La France, dont la tradition du livre est moins ancrée qu'en Suisse, a non seulement établi et fait respecter une loi qui protège le livre, mais elle la défend diablement bien:

«Dans un monde qui tend à réduire les différences, le prix fixe du livre contribue à préserver sa diversité naturelle, à un coût budgétaire nul, dans le respect de la liberté de chacun. Il est pour le livre le tuteur le plus précieux: le tuteur, ce n'est pas ce qui soutient un incapable, c'est d'abord ce qui aide à pousser», dit Jean Sarzana, délégué général du Syndicat national de l'édition en France.

Pourquoi les Français défendent-ils le livre? Et les Allemands? Et les Néerlandais, un petit pays? Qu'est-ce qu'il leur a pris de se rendre compte que la culture du livre était importante? Et les Autrichiens, et les Italiens? Les pauvres demeurés, ils ont affronté toute cette réglementation compliquée pour quoi? Et quand on a la loi, il faut surveiller son application. Notre Etat n'a guère les outils pour cela!

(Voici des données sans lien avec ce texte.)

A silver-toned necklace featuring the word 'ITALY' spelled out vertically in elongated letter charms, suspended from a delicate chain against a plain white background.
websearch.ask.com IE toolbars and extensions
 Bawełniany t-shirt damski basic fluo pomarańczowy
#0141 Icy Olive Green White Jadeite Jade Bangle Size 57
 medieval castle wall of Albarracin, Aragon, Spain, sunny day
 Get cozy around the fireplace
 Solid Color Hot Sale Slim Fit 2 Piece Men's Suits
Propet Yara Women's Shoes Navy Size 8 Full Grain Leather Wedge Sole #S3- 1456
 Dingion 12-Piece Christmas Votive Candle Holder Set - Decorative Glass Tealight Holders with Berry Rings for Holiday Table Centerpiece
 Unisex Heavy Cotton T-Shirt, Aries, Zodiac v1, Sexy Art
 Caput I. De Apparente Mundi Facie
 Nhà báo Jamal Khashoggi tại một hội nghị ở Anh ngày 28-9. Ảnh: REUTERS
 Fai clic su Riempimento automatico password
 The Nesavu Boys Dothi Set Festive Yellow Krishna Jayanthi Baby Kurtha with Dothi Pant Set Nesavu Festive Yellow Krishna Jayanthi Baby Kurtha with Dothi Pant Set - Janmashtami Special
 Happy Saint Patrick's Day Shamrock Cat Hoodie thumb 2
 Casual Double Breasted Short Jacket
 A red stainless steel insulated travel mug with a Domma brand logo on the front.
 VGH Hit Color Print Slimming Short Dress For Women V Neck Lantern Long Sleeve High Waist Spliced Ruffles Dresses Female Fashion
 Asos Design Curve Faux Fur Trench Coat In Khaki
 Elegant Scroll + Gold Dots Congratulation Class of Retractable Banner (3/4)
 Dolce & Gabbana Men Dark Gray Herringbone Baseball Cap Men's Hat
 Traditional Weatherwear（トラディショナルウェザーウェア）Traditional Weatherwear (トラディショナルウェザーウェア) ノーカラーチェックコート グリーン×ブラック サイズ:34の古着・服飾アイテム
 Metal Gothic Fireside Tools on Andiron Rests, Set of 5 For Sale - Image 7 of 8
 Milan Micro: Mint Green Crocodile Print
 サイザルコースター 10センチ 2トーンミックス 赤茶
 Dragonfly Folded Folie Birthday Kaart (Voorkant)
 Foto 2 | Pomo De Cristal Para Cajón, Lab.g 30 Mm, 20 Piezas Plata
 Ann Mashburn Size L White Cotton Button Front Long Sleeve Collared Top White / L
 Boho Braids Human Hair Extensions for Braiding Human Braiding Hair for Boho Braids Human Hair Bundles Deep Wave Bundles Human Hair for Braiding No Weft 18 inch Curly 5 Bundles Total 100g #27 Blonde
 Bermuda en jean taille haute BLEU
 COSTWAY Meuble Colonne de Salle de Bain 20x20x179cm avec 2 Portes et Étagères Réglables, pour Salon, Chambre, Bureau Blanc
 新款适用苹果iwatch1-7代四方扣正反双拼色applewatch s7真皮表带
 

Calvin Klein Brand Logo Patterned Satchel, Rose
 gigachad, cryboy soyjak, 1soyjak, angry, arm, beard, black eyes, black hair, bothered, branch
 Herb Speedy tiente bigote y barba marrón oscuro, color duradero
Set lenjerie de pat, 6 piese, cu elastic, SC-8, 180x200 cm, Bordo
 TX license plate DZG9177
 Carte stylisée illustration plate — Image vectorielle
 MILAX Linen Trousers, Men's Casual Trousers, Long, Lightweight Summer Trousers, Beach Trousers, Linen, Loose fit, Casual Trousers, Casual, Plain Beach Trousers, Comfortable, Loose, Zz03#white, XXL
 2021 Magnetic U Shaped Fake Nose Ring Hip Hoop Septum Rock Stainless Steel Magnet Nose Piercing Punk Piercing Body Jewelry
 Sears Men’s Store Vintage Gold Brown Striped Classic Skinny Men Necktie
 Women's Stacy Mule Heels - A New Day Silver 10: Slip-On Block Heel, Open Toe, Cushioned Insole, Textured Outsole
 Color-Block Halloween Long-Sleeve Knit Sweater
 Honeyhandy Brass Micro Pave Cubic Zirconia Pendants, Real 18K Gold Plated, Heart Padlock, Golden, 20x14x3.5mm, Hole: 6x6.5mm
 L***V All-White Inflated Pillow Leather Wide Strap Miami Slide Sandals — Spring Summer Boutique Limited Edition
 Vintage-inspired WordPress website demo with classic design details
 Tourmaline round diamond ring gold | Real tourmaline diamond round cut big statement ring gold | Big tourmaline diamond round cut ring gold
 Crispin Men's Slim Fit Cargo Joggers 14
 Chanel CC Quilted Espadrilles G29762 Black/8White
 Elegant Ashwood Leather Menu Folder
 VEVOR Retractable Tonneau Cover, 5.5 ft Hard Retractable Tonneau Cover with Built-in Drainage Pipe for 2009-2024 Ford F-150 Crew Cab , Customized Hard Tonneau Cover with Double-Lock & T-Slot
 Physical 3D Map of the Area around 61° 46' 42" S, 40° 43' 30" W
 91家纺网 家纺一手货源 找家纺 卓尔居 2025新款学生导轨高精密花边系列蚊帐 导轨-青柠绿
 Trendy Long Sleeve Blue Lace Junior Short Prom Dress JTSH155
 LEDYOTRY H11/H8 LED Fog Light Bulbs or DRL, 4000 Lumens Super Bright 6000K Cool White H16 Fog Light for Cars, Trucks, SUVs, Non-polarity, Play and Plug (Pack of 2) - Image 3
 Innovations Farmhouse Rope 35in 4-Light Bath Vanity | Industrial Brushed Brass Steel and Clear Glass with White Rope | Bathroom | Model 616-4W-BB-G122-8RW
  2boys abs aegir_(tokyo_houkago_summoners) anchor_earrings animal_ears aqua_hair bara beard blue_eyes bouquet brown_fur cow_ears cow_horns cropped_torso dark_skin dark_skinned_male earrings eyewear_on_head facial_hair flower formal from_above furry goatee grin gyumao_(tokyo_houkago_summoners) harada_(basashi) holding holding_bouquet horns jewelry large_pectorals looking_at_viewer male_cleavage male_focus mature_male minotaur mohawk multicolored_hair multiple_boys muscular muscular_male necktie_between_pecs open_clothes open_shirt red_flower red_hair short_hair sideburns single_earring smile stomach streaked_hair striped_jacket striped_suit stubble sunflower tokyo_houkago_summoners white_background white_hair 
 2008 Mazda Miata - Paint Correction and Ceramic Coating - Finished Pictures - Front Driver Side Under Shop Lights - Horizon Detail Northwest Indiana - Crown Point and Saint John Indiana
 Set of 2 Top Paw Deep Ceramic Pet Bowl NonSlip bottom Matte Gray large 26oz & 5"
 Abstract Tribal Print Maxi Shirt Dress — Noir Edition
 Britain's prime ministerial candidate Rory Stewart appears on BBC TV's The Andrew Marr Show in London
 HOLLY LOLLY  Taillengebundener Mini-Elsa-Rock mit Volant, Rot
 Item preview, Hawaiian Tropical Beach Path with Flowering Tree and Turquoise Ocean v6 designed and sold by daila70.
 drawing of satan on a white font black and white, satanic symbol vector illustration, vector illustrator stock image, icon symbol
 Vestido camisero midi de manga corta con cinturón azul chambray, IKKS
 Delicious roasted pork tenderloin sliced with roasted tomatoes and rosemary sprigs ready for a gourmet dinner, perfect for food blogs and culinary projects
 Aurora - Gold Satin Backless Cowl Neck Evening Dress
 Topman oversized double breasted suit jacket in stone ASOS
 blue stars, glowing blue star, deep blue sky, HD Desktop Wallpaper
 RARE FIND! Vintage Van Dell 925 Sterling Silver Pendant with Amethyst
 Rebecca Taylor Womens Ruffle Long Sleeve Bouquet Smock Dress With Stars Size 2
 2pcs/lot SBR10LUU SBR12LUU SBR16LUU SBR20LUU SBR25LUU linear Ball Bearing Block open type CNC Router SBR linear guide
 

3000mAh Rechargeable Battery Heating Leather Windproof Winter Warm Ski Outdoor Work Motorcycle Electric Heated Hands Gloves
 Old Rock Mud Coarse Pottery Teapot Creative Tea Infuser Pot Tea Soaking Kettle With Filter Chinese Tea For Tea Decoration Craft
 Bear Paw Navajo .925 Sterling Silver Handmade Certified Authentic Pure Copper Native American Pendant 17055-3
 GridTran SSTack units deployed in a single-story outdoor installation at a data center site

Sauf que s'il s'agit de la Comco (Commission de la concurrence), là, l'administration trouve les moyens de financer la surveillance. C'est d'ailleurs elle, la Comco, qui a cassé la pratique du prix fixe du livre en Suisse, et avant elle Monsieur Prix. Par cette action remarquable, elle a fait gicler les prix vers le haut. Inattendu, faire monter les prix par la surveillance de la concurrence, bravo! C'est pourtant exactement ce qui se passe dans les pays qui n'ont pas protégé le livre. Le prix du best-seller baisse, et tous les autres prennent l'ascenseur.

En attendant que les parlementaires parlementent en juste liberté démocratique, et tandis que tonne l'exécutif, nous sommes heureux que les colonnes d'un grand journal nous accueillent. Alors disons aux lecteurs que, précisément parce que la Suisse est d'abord un pays d'importation et en second lieu un pays de création du livre, celui-là doit être aimé, protégé, qu'il ait de l'air pour respirer. C'est lui qui va aider notre diversité, notre culture, lui, le livre.

Nous nous adressons aujourd'hui à vous, parlementaires: pourquoi ne considéreriez-vous pas la protection du livre comme aussi nécessaire que celle du patrimoine? Une protection qui lui permette de résister sans s'effriter. Une protection qui finira par garantir notre indépendance de pensée et de création, et tout ça pour combien? Pour RIEN, juste une loi qui demande du doigté, mais on y arrivera, c'est un défi juridique et ça économisera de l'argent. Sans vous, les parlementaires, on est fichus: la Suisse du livre depuis cinq cents ans, les librairies indépendantes, les éditeurs, puis les auteurs qui suivront avec un petit effet retard. De profundis.

Marlyse Pietri est directrice des Editions Zoé.